IRA Split Threatens N. Ireland Cease-fire

Top IRA members resign over disarmament pledge

A serious split has opened up in the top ranks of the Irish Republican Army (IRA), posing a threat to the Northern Ireland peace process, British security officials say.

The British and Irish governments fear the schism will put pressure on the renewed cease-fire called in July, which has made possible all-party talks that include representatives of Sinn Fein, the IRA's political wing.

British sources say at least two key members of the IRA's top leadership have resigned from the organization in recent weeks.

The IRA leaders claimed that by signing the so-called Mitchell principles on nonviolence, Sinn Fein president Gerry Adams betrayed the cause of militant Irish republicanism, the sources said.

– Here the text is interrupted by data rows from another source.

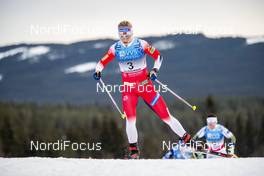 07.12.2019, Lillehammer, Norway (NOR): Astrid Uhrenholdt Jacobsen (NOR) - FIS world cup cross-country, skiathlon women, Lillehammer (NOR). www.nordicfocus.com. © Modica/NordicFocus. Every downloaded picture is fee-liable.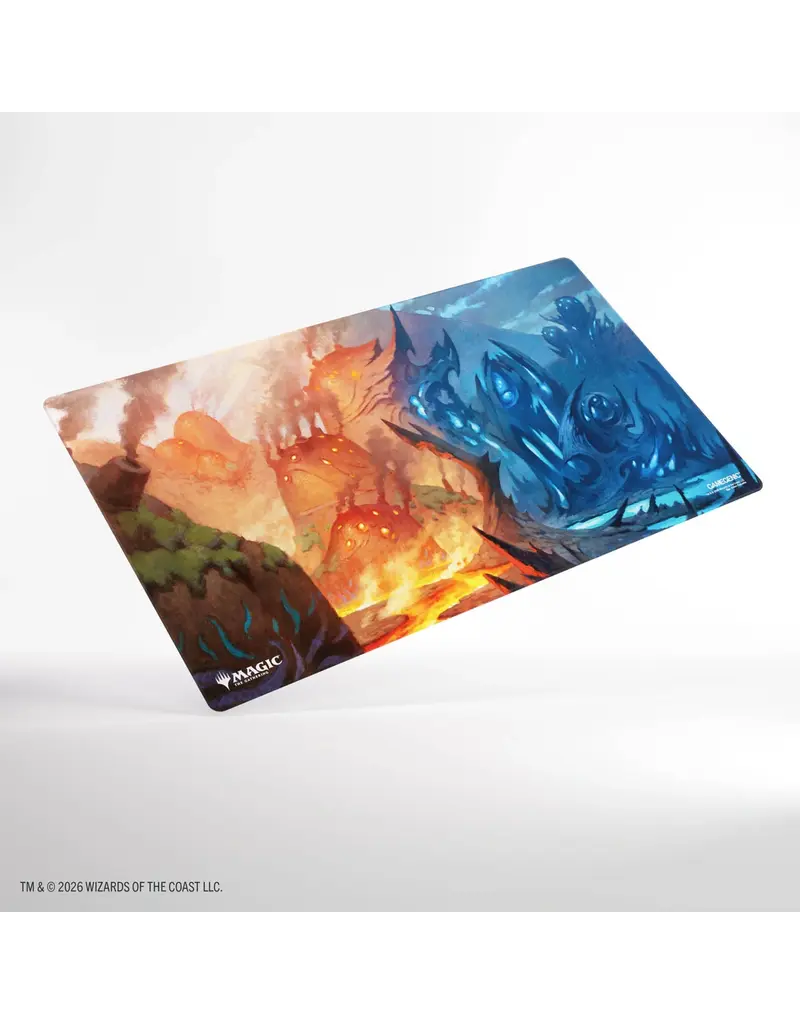 Gamegenic MTG Lorwyn Eclipsed - Steam Vents Playmat
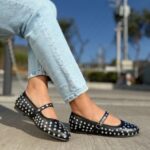 Ballerina Negro Brillantes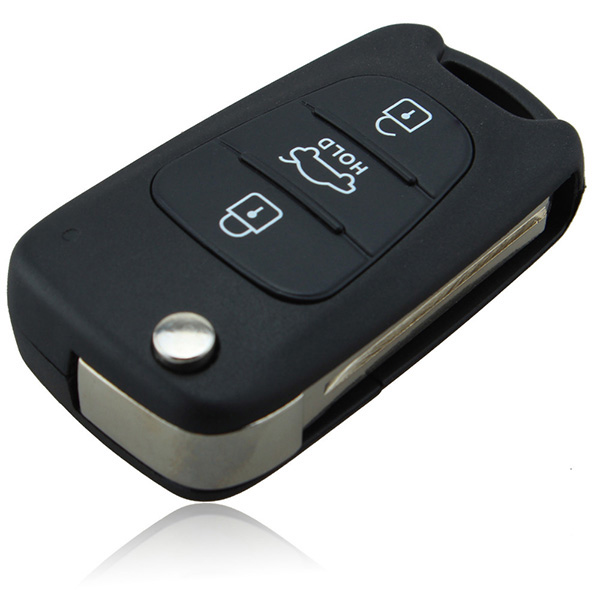 AS051019 KIA 3 Button Flip remote control Key Shell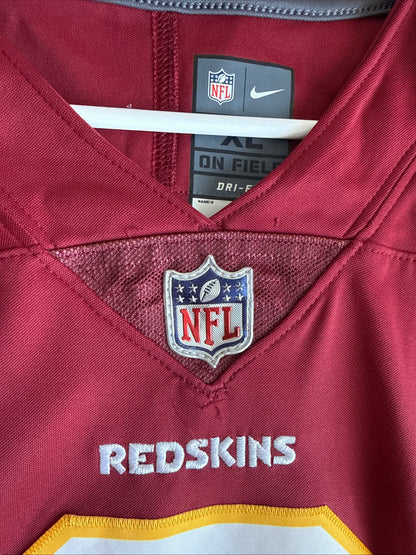 Men’s Nike Kirk Cousins #8 Washington Redskins Vapor Lmtd Jersey Sz XL - RARE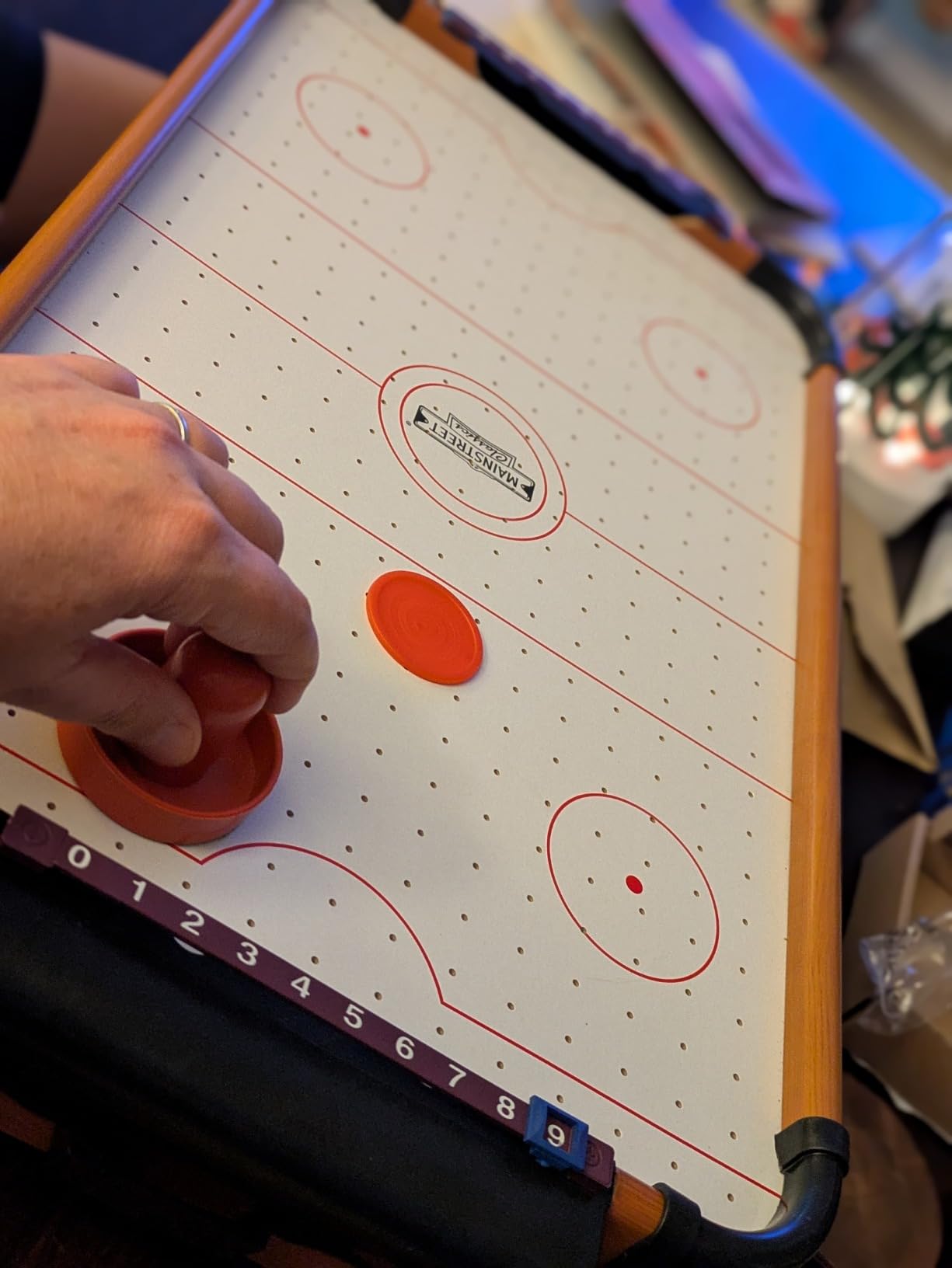 Mainstreet Classics by GLD Products Table Top Air Hockey customer photo 2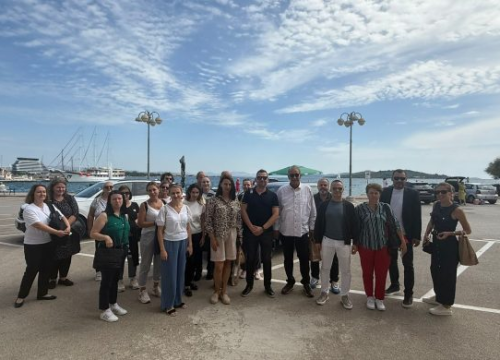 Od maslinika do vinograda: Rumunjski gosti upoznali najbolje primjere ruralnog razvoja u Šibensko-kninskoj županiji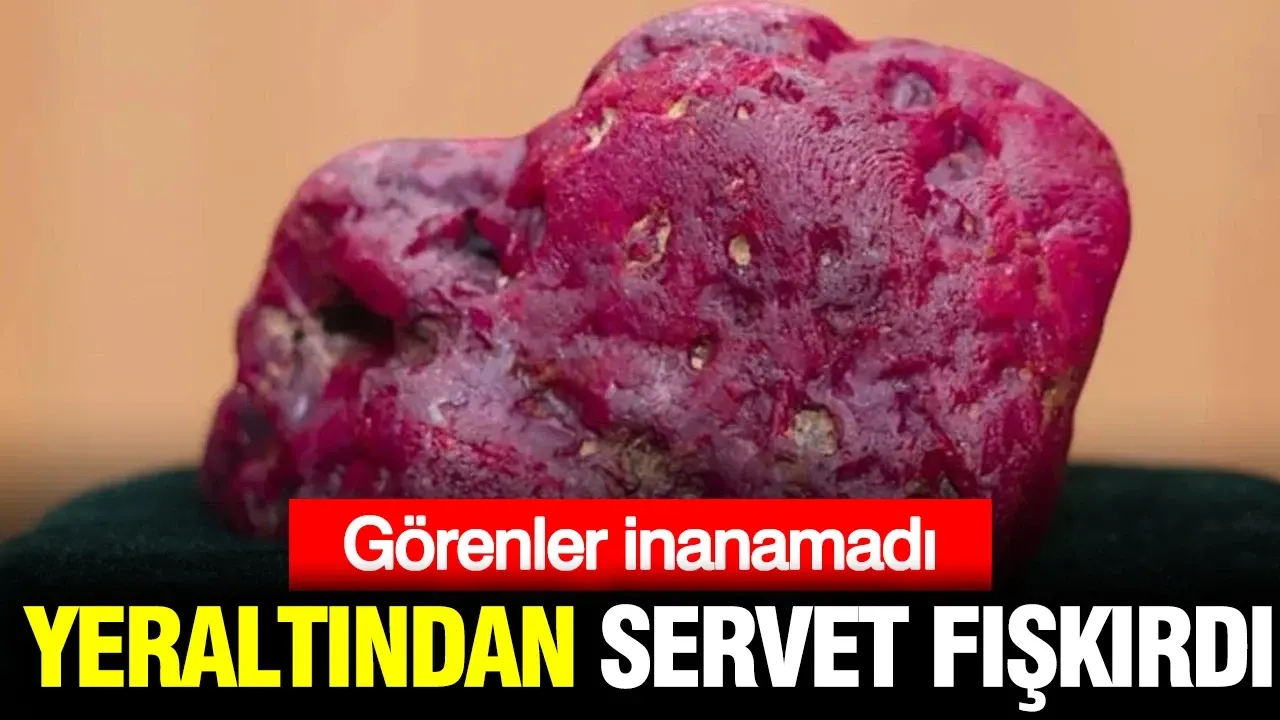 YERALTINDAN SERVET FIŞKIRDI! TAM TAMINA 11 BİN KARAT DEV KEŞİF DÜNYAYI ŞOKE ETTİ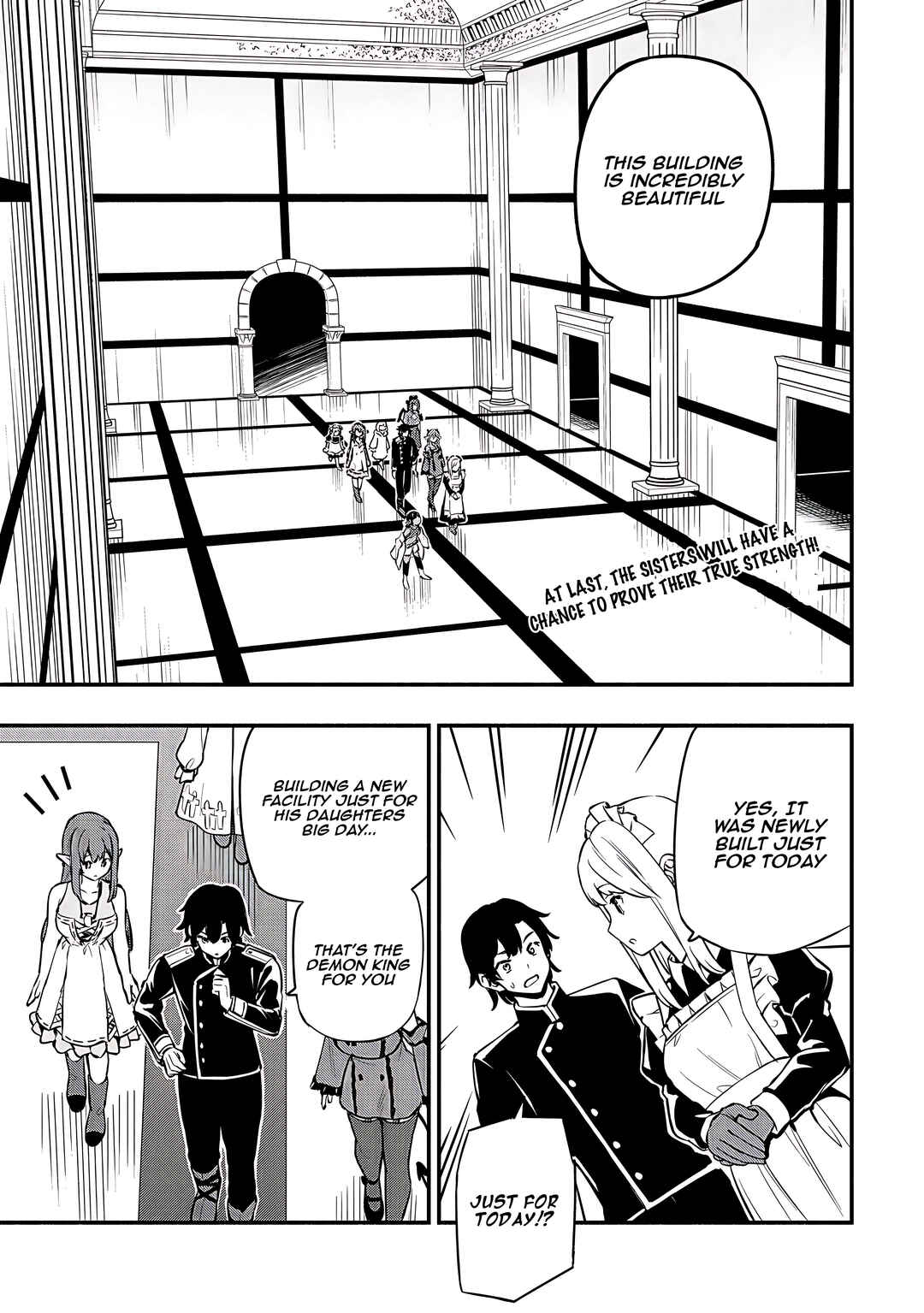 Page 2 Chapter 25 Maou Reijou no Kyouiku Gakari ~Yuusha Gakuin wo Tsuihou Sareta Heimin Kyoushi wa Maou no Musume-Tachi no Katei Kyoushi to Naru~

By agreeing to the Mitchell principles, which call for "total disarmament of all paramilitary organizations," Mr. Adams and chief Sinn Fein negotiator Martin McGuinness were able to gain admission to the Belfast peace talks.

David McKittrick, a leading analyst of Northern Ireland affairs, says the row "poses fundamental questions about the control which Adams and McGuinness have over the republican movement."

"This breach represents the most serious and most public rift within the organization's ranks for well over a decade," Mr. McKittrick says.

The identity of the IRA's top leadership, which in the past has planned numerous terrorist attacks in Britain and mainland Europe, is a closely guarded secret. But reliable British security sources have confirmed that the two senior officials had quit.

The sources said one of them was a member of the organization's seven-person "army council," and the other was responsible for controlling and allocating IRA weapons and explosives used in terrorist attacks.

Further evidence of turmoil in the upper reaches of the IRA came over the weekend with news that 12 Sinn Fein members in County Louth had announced they could no longer back the leadership of Adams and Mr. McGuinness.

Official confirmation of "difficulties" over IRA and Sinn Fein policy came last Friday from Mitchel McLauchlin, chairman of Sinn Fein. "The peace process itself, this collaboration with all the political forces on the island, isn't seen to be delivering the goods, and that's going to cause problems for us all," Mr. McLauchlin said in a statement.

Underlying concern being voiced privately by the British and Irish governments is the possibility that the dissident IRA officials may join an existing breakaway faction or create a radical movement of their own.

Since the peace talks got under way in September, several bomb attacks have been reported in Northern Ireland and the Irish Republic.

British security sources say they appeared to be the work of a group calling itself the Continuity IRA. McKittrick says there are indications that explosives used by this group may have been supplied by lower-ranking IRA members.

"In at least one of these incidents the bombers used Semtex, a plastic explosive which has in the past been the almost exclusive preserve of the IRA," McKittrick wrote Saturday in the British newspaper The Independent.

There are few details about the arguments that led to the IRA split, but Toby Harnden, an analyst of Irish politics, says a meeting was held last month of the IRA's 50-strong general army convention, the organization's supreme decisionmaking body, soon after Adams signed on to the Mitchell principles.

Mr. Harnden says some 20 members of the convention attacked the move and called for an end to the cease-fire.

When a vote went against them, several of the dissenters indicated they would leave the IRA rather than support the Adams-McGuinness policy.

The "somber assessment" by British security officials, Harnden says, is that "the desire to maintain unity would probably lead to the end of the cease-fire before the middle of next year."

One possible cause for hope would be significant progress at the all-party talks, but so far there has been little sign of even a partial meeting of minds between Adams and McGuinness on the one hand, and Unionist politicians on the other.

David Trimble, leader of the Ulster Unionist Party, Northern Ireland's largest pro-British party, on Friday described the IRA resignations as "choreographed divisions" within the republican movement.

"The IRA has not changed its character. The present cease-fire cannot be regarded as anything other than a tactical maneuver," Mr. Trimble said.